Third, legal investments are carried on the balance sheet at “fair value” — that is, at a value assessed by management based on cost plus amounts “confidently” deemed recoverable. Anyone familiar with how courts work will point out that such estimates are inherently uncertain, for awards and settlements have a wide range of possible outcomes.

Fourth, even more hazardous are management’s incentives to report impressive numbers. An asset manager, after all, must show impeccable credentials if it wants to raise money. This may create a massive bias in estimates, however “confidently” thought through, if not an outright penchant for fraud. Thus far Burford’s valuation standards have been conservative, with less than 0.5% of write-ups turned into a loss — or so the firm claims.

Quality of earnings should nevertheless be subject to a healthy dose of caution. The secondary market, in which litigation assets get sold in pieces or in full to anonymous investors, looks ripe for shady transactions. Burford could sell a small piece of an asset for a ridiculously high valuation to a “friendly” third-party — perhaps an undisclosed affiliate — and, in the process, have the “fair value” of the remaining part carried on its balance sheet adjusted to an unreasonably high amount.

Fifth, the two concerns discussed above — hot capital and liberal accounting practices — may trigger stricter regulations on litigation finance. Supporters think third-party funding promotes better access to justice, while critics think it encourages undesirable lawsuits. Both perspectives have merit but one thing is certain: as the industry grows, the lawmaker will step in to prevent abuse.

Sixth — and that’s another elephant in the room — much of the recent profits were derived from two specific cases in Argentina: the Petersen case, in which a $17mil commitment was recently valued by third-party investors (who?) at $440mil; and the Teinver case, in which a $13mil commitment was ultimately sold into the secondary market (to whom?) for $107mil. Have those buyers really undertaken strict due diligence? Nobody knows.

Though spectacular, the performance of these exotic investments could prove difficult to replicate in the future. In a like manner, valuations would shrink if the secondary market happened to freeze or just cool down.
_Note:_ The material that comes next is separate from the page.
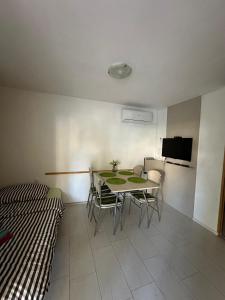 a room with a table and chairs and a tv at Apartmani Mersol Nin in Nin +51 photos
As a tradable asset, legal investments are perhaps more correlated than advertised.

Finally, founders Chris Bogart, a former Time Warner general counsel and “technology investor”, and Jonathan Molot, a former Georgetown University law professor, have recently sold one-third of their holdings at a price of £13.5 per share.
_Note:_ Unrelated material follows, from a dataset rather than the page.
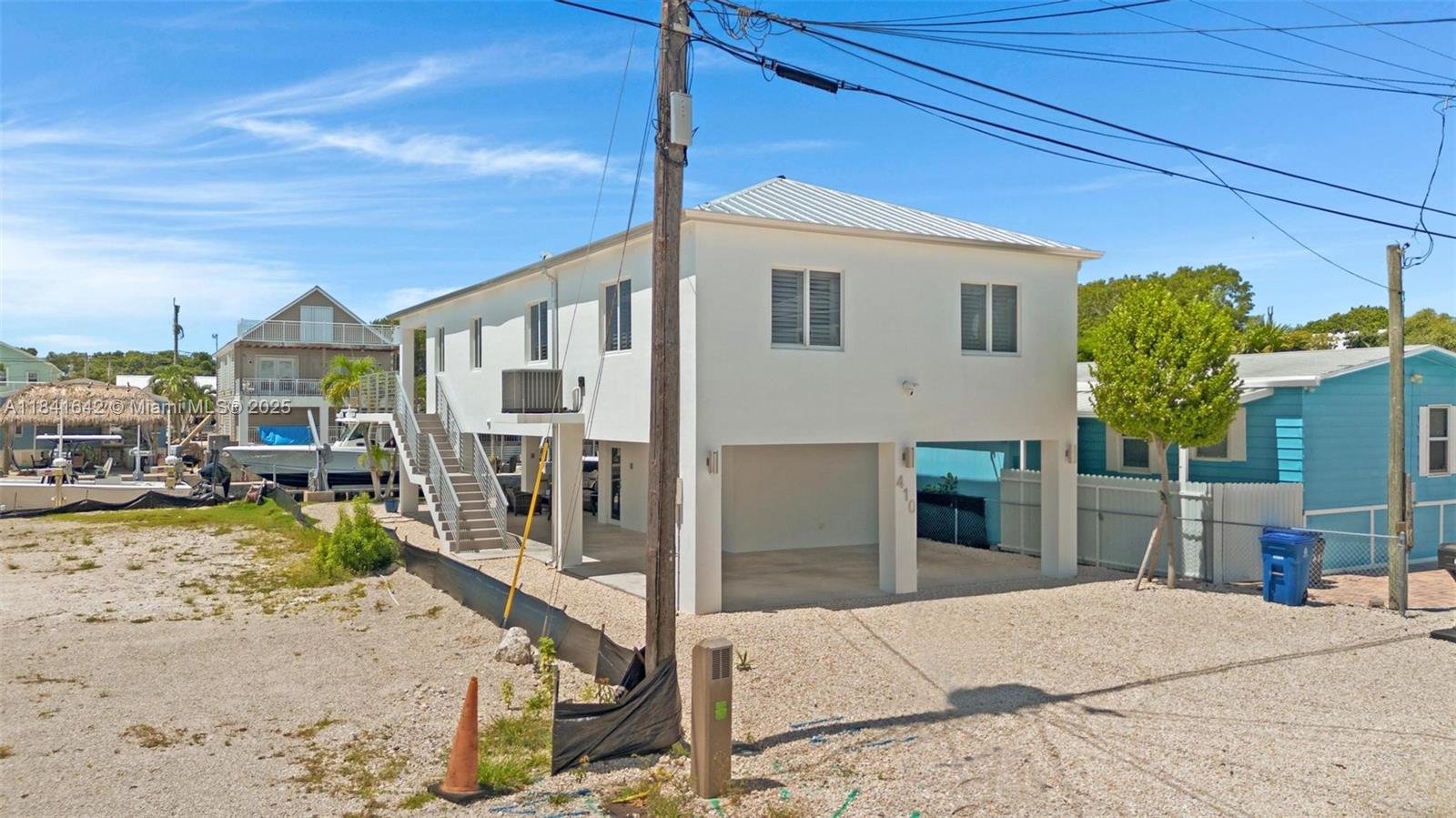 Stunning waterfront exterior at 410 Bowie Ln - Home in Key Largo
Mr. Bogart declared that he and Mr. Molot unloaded their stakes “with some reluctance given our enthusiasm for the future of the business. However, given that we preach the benefit of a diversified portfolio strategy for Burford, it seemed imprudent for us not to create some liquidity after all this time.” He also added that they are “personally investing significantly in Burford’s investment funds”.

Which begs the question: are those funds a better bet than Burford’s stock, and are the founders’ interests truly aligned with shareholders’?